Gisèle Halimi, le corps libre des femmes
Avocate, militante féministe et femme politique Gisèle Halimi vient de décéder. Celle qui voulait mourir « les yeux ouverts » a consacré toute sa vie à lutter contre tout ce qui portait atteinte à la liberté et à l’intégrité des femmes, en particulier à la libre disposition de leur corps. Elle militera ardemment pour la liberté de l’avortement, au côté de Simone de Beauvoir, et contribuera ainsi à l’évolution de la législation vers la loi Veil sur l’IVG : Le titre d’un de ses livres, « la cause des femmes » la définit tout entière.

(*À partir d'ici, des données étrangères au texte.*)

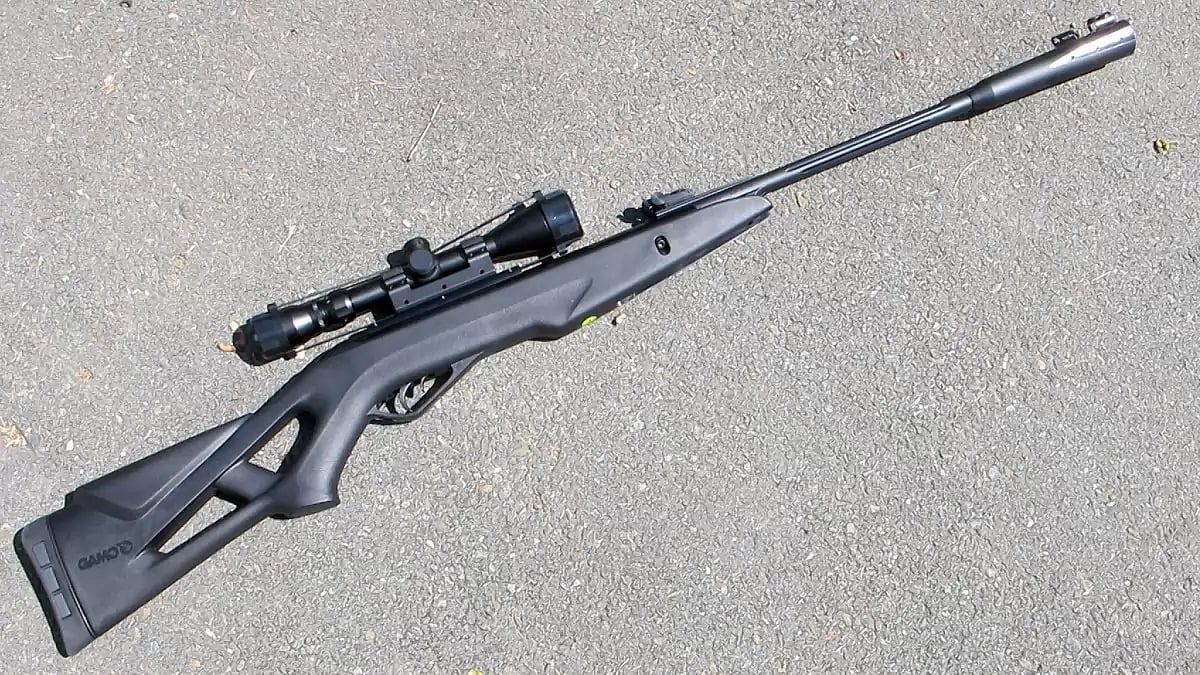 Air Gun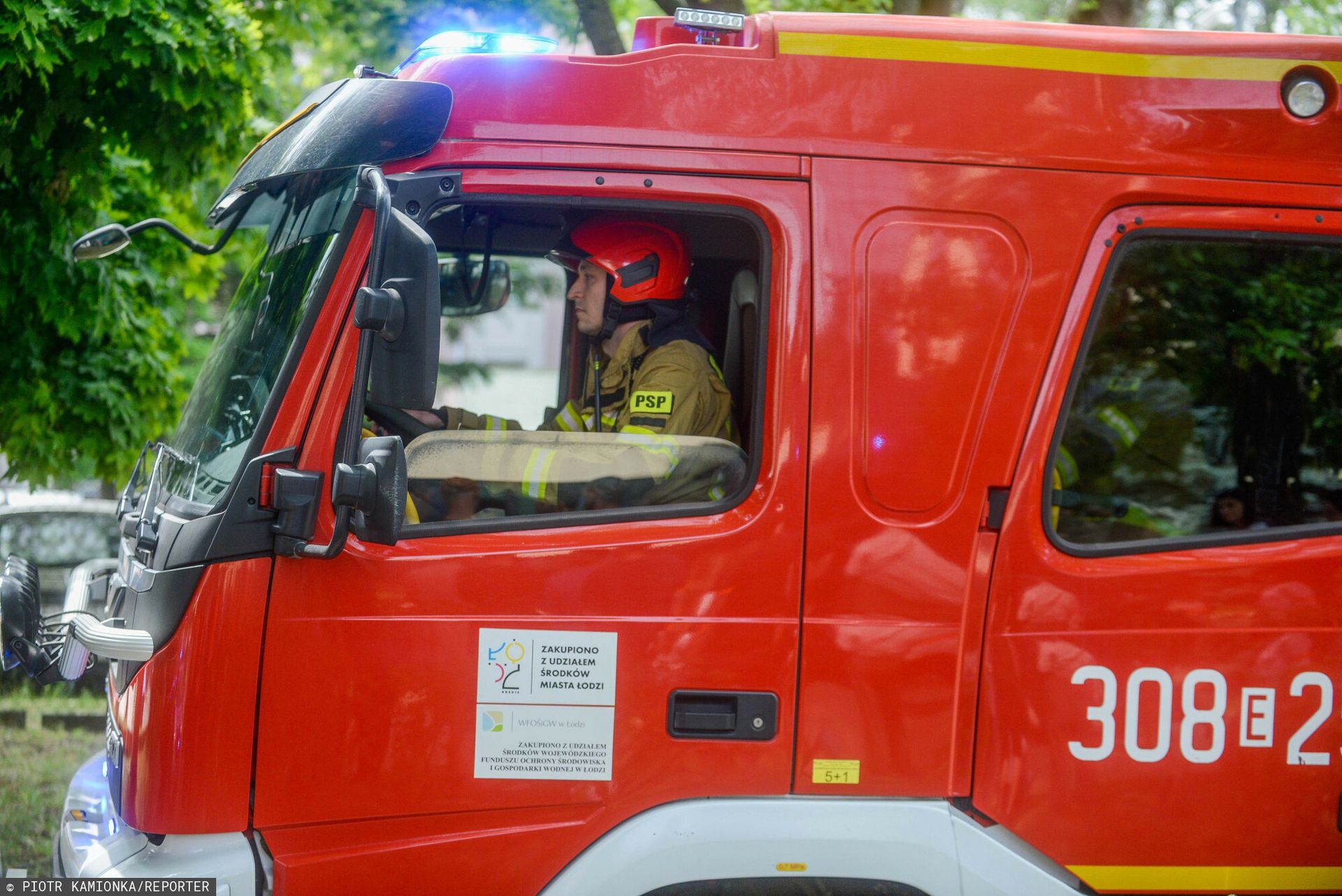 Niebezpieczny incydent w Wielkopolsce. Konar spadł na dzieci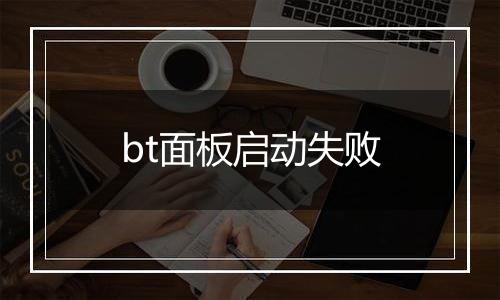 bt面板启动失败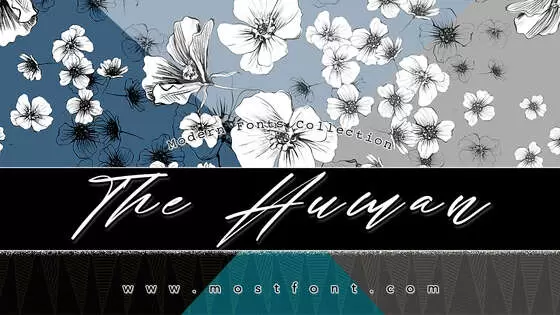 Typographic Design of The-Human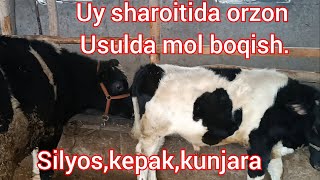 2-QISM UY SHAROITIDA ARZON USULDA MOL BOQISH SIRLARI. SILYOS KUNJARA, KEPAK.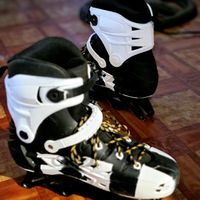sk8tingdude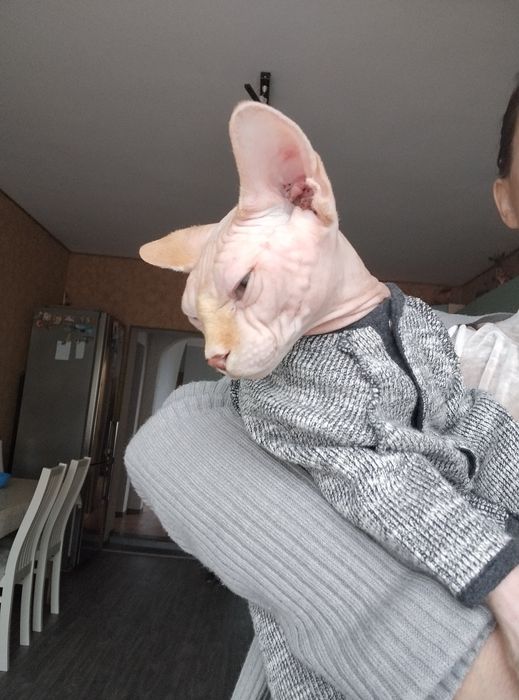 Молодий кіт шукає подружку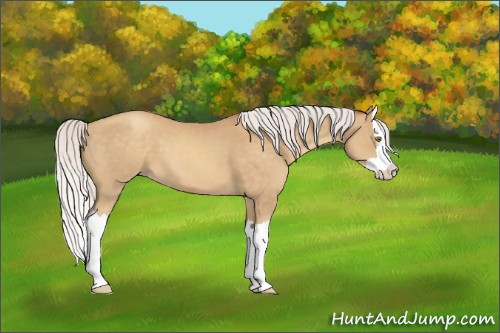 Horse Color:Silver Sable Champagne Splash 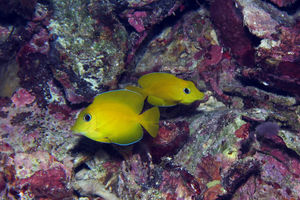 Ctenochaetus cyanocheilus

Avocate, bravant les partisans de la colonisation et de l’Algérie française, elle prend le risque à partir des années 1950 de défendre des militants de l’indépendance, dont des membres du FLN.
Après avoir, dans les années 50, pris le risque de défendre les membres du FLN, elle assure, à partir de l’année 1960, la défense de l’activiste et militante Djamila Boupacha, torturée et violée, en détention, par des soldats français. Elle médiatise ce procès afin de dénoncer les méthodes de l’Armée française au moment de la guerre d’Algérie.
Mais c’est à l’occasion du procès de Bobigny, en 1972, qu’elle donne la pleine mesure de ses convictions et qu’elle obtient l’acquittement de 3 accusées, coupables d’avortement, ainsi qu’un sursis pour la 4ème.
En 1978, elle défend deux jeunes femmes victimes d’un viol collectif, et obtient l’adoption d’une nouvelle loi en 1980 qui criminalise le viol jusque-là traité comme un délit.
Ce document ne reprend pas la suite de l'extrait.